François, quant à lui, amoureux de sa belle Nine, continue de travailler pour Le journal du soir et monte en grade. Il connaît lui aussi son lot de déceptions et de difficultés et doit faire montre de la plus grande pugnacité pour mener de front toutes ses enquêtes.

Hélène s’est tant améliorée comme photographe qu’elle est elle aussi employée au Journal du Soir. Et pour le malheur de son frère, elle ne se contente pas de brandir son appareil photo, elle doit user de la plume également. Envoyée à Chevrigny, elle se retrouve à couvrir les dernières semaines d’un village condamné à l’inondation. Elle navigue à vue entre ce qu’il se passe entre les villageois et l’ingénieur mais aussi ses propres problèmes personnels qui prennent beaucoup trop de place.

Louis, à Beyrouth, parie sur un jeune boxeur qui n’a pour lui que la chance et le courage.

Angèle, sans rien dire à son exubérant mari et à ses fantasques enfants, réfléchit et agit, pour le bien de ceux qu’elle aime, parfois sans qu’ils ne le réalisent.


« Je suis heureux d’avoir une épouse amoureuse (…). Je préférerais que ce soit de moi, mais j’ai l’esprit large.»

La famille Pelletier s’est développée. Plus il y a de protagonistes, plus il y a d’intrigues et tout se mélange.

Je dois le dire, il y a eu quelques moments où je me suis dit, il y en a de trop. Et puis je me suis laissée entraînée, galvanisée par cette ambiance des années 50, ces fonctionnaires retords, ces salariées soumises, ces hommes perfides et calculateurs.

De rebondissements en rebondissements, on prend conscience de l’intelligence de chaque Pelletier, de leur ADN commun à tous : l’intrigue, les magouilles qui ne font de mal à personne (ou presque) et qui aboutissent au mieux pour tous.

Il n’en demeure pas moins que, une nouvelle fois, c’est un roman de femmes.

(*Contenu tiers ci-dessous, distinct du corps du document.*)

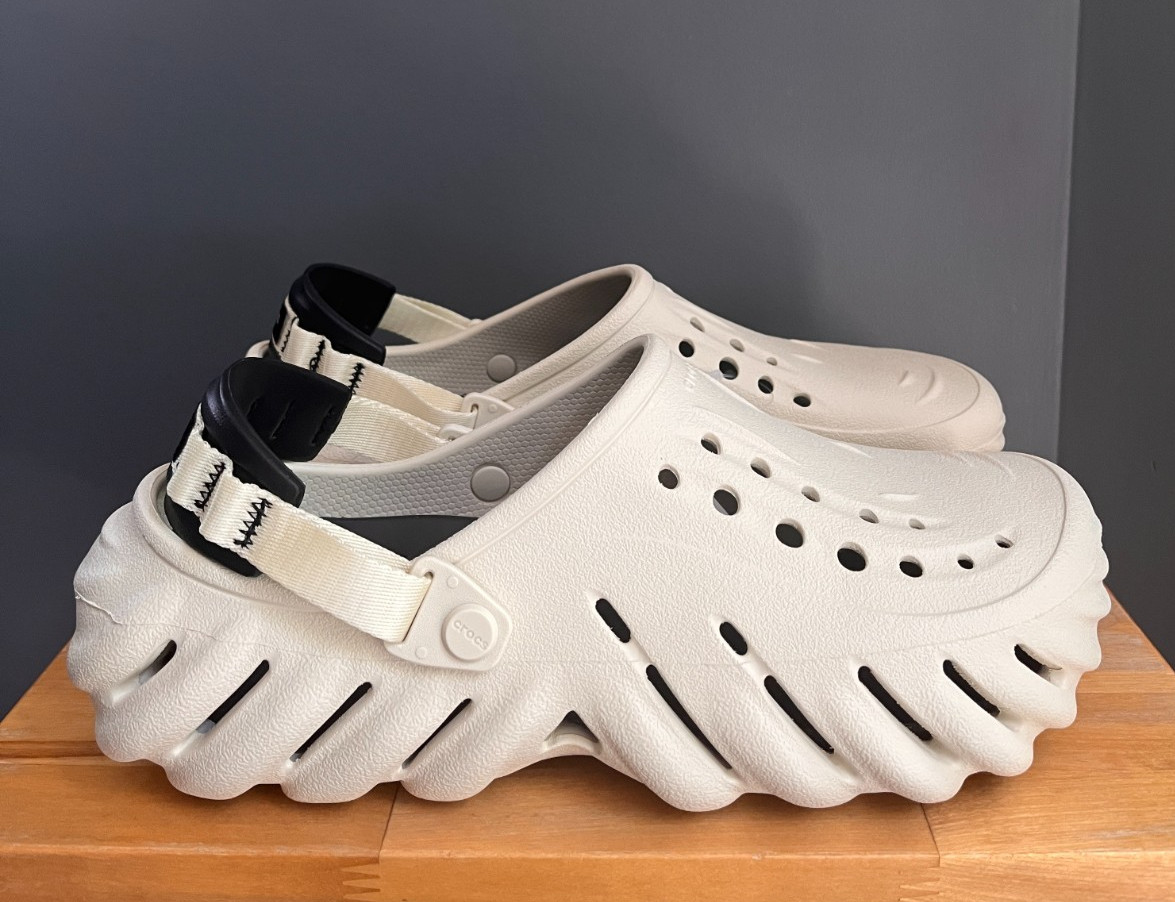 Crocs Bone (Off-White) / Black Echo Clogs US Men 9, 11 NWT
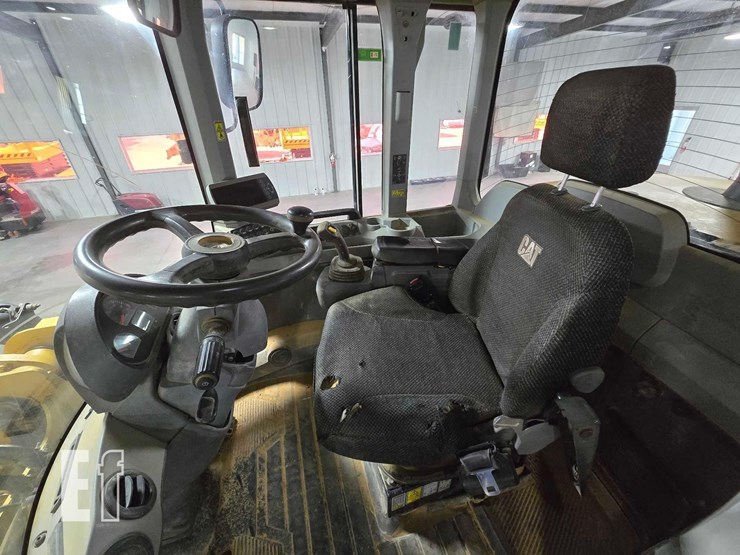 2014-caterpillar-924k-image-14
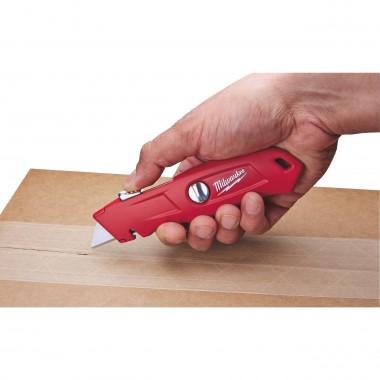 Нож безопасный самовозвращающийся MILWAUKEE 4932471360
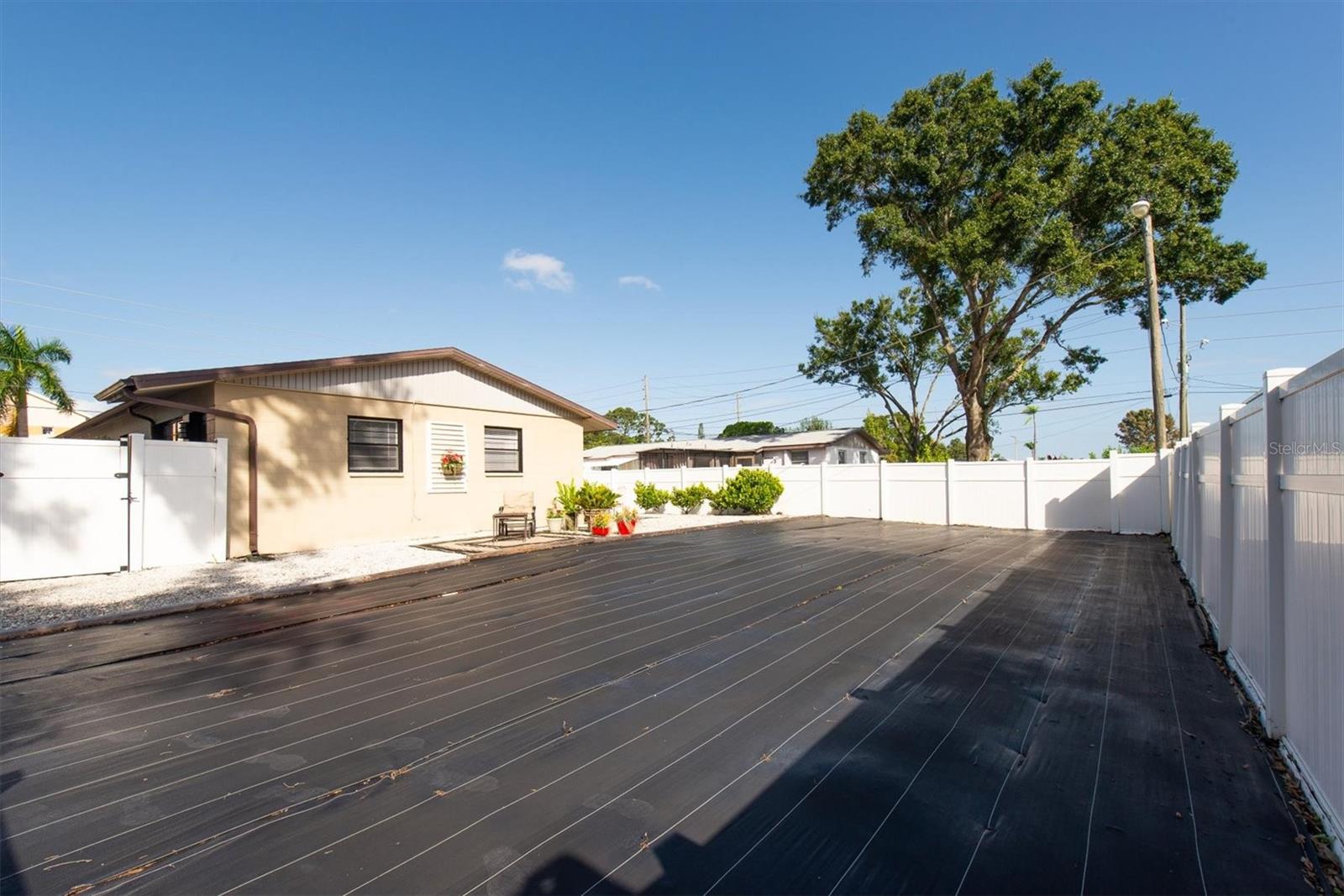 Image 21 of 41 For 7397 34th Street N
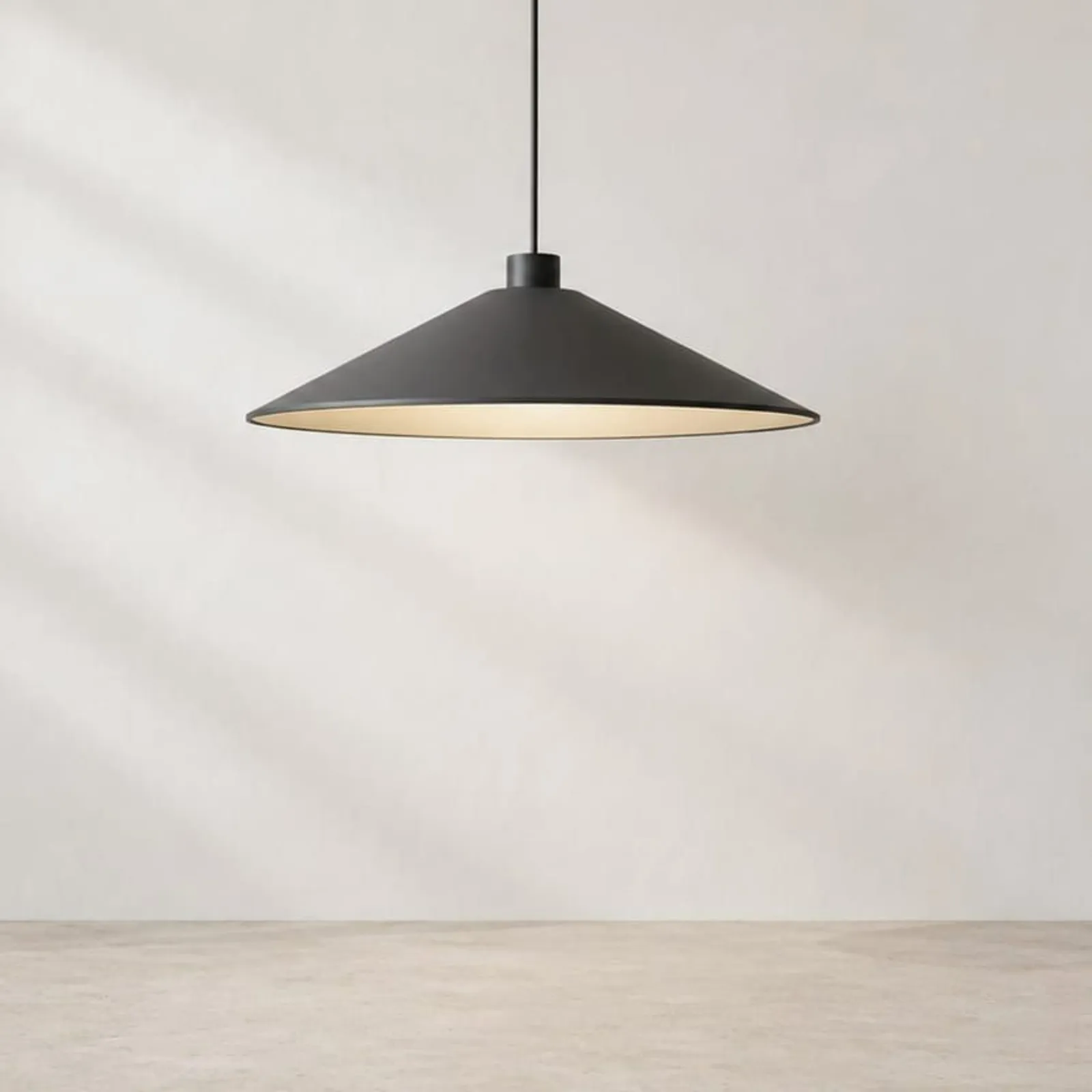 Suspension Kusten charbon II - miniature 1
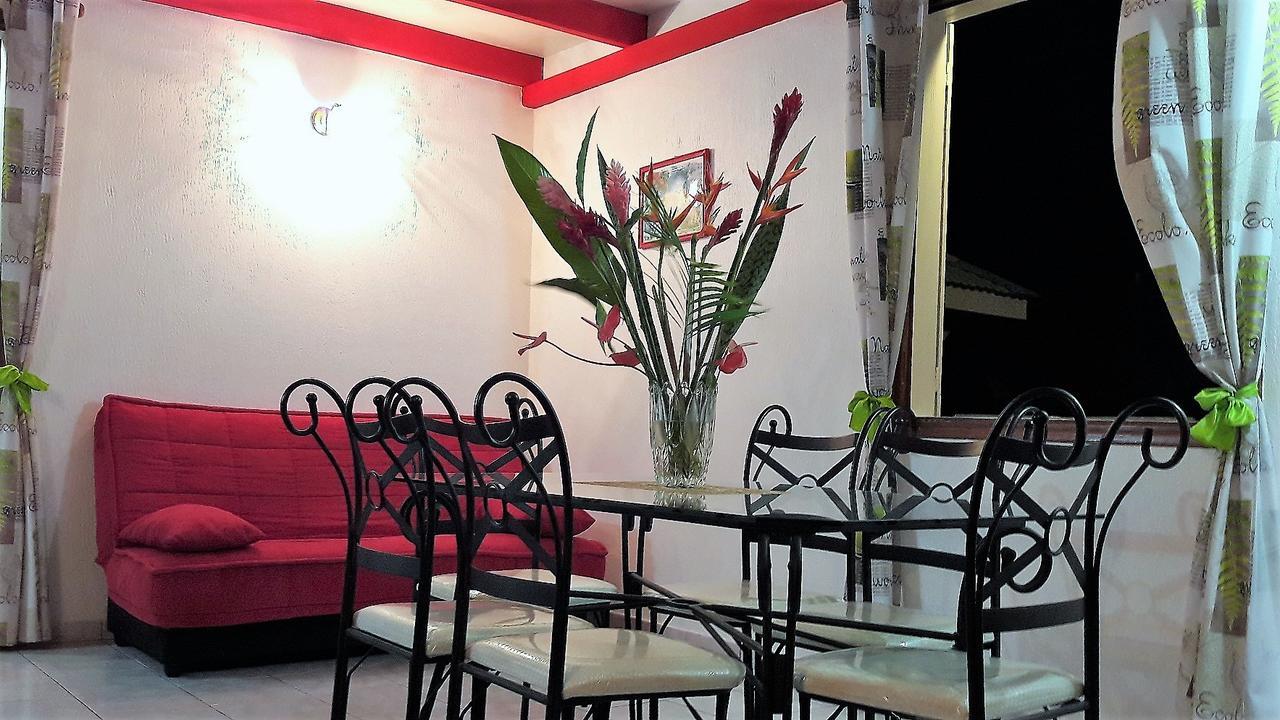 Villa Les Petites Fleurs De Poirier Bouillante Esterno foto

Ce que je veux dire, c’est que j’ai pris conscience, au fur et à mesure de ma lecture, que dans ce dernier roman, mine de rien, ce sont elles qui gouvernent, qui ont le pouvoir. C’est flagrant et c’est jouissif.

En 1952, l’avortement était encore un crime, on accusait les femmes de ne pas être propres, elles étaient exploitées par les patrons et devaient prendre particulièrement sur elles quand elles n’avaient pas d’hommes pour prendre soin d’elles. Mais finalement, en sous-marin, elles dirigeaient, menaient, gagnaient.

Je ne sais pas où et quand nous mènera Lemaître dans son prochain volume, mais comme à chaque fois, il me tarde de le savoir. En attendant, je vais me pelotonner dans le souvenir de cet opus et sans doute le relire en l’écoutant, ne serait-ce que pour le plaisir de découvrir de nouveaux éléments, de ceux qui ne se laissent connaître qu’à l’oreille.


« Car nos secrets, nos turpitudes, nos silences, nos violences, nos mensonges sont comme les ruines de Chevrigny. Recouverts, ils n’en continuent pas moins d’exister.»